Moving Sum

Hi to all,



The sum or average of a certain number of samples (for ex. the last 100
values received) have to be checked constantly against a threshold.



I thought of implementing this by keeping a "Moving Sum" which will work by
adding the new value and subtracting the oldest. I think that can be
implemented by adding to a register the value just arriving and subtracting
the value coming out of an 100 word deep shift register.



Now, if a longer sum has to be checked then there is a memory problem
because a lot of values have to be stored. In addition more than one "Moving
Sums" is needed so if I use the above implementation I will have in addition
to store the same data more than once (for ex. the 1000 word Shift Register
will include the 100 word S.R. data).



Any idea of how this could be implemented?



The final system will have to keep 10 moving sums with the largest being
250,000 (8-bit) values for each of the 16 independent input channels.

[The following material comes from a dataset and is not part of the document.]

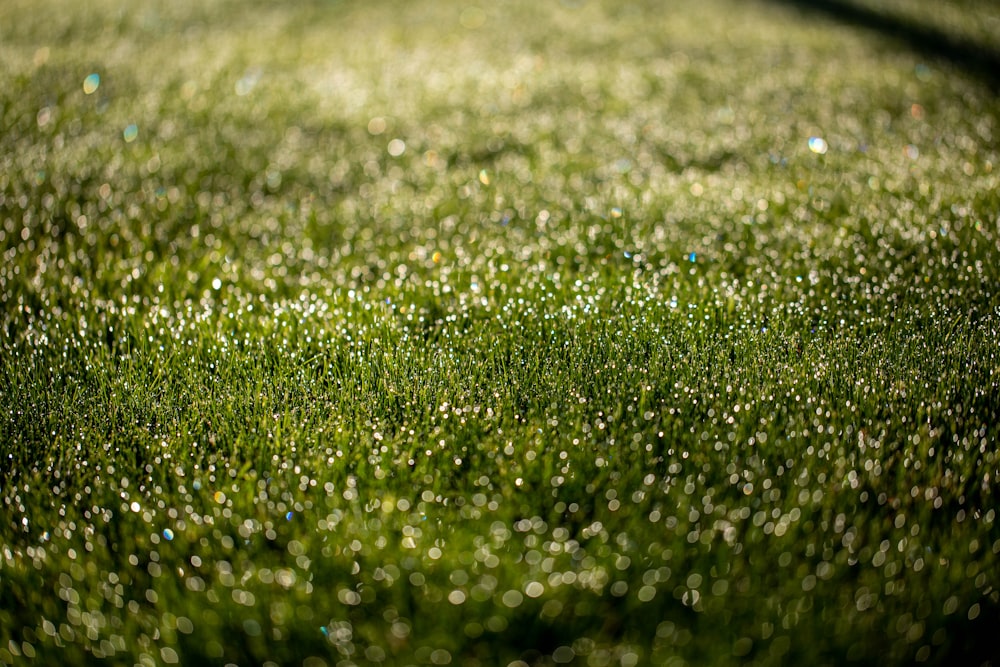 un campo di erba verde coperto di goccioline d'acqua
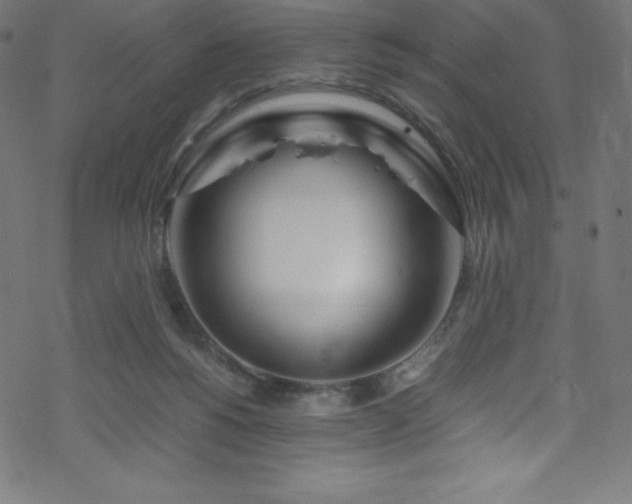 X0000070230168200605301504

Help to the design problem will be appreciated and acknowledged.


Christos

__________________________________________________

Christos Zamantzas
CERN, European Organization for Nuclear Research
Div. AB/BDI/BL                         tel: +41 22 767 3409
CH-1211 Geneva 23                  fax: +41 22 767 9560
Switzerland                                 christos.zamantzas@cern.ch
__________________________________________________

In article <bil9f7$4o2$1@sunnews.cern.ch>,
Christos <chris_saturnNOSPAM@hotmail.com> wrote:
>
>I thought of implementing this by keeping a "Moving Sum" which will work by
>adding the new value and subtracting the oldest. I think that can be
>implemented by adding to a register the value just arriving and subtracting
>the value coming out of an 100 word deep shift register.
>
>Now, if a longer sum has to be checked then there is a memory problem
>because a lot of values have to be stored. In addition more than one "Moving
>Sums" is needed so if I use the above implementation I will have in addition
>to store the same data more than once (for ex. the 1000 word Shift Register
>will include the 100 word S.R. data).
>
>Any idea of how this could be implemented?

Can you cheat?  That is, instead of having a 250,000 deep moving sum,
have it be 250,000 deep but only at intervals of every 1000 samples?  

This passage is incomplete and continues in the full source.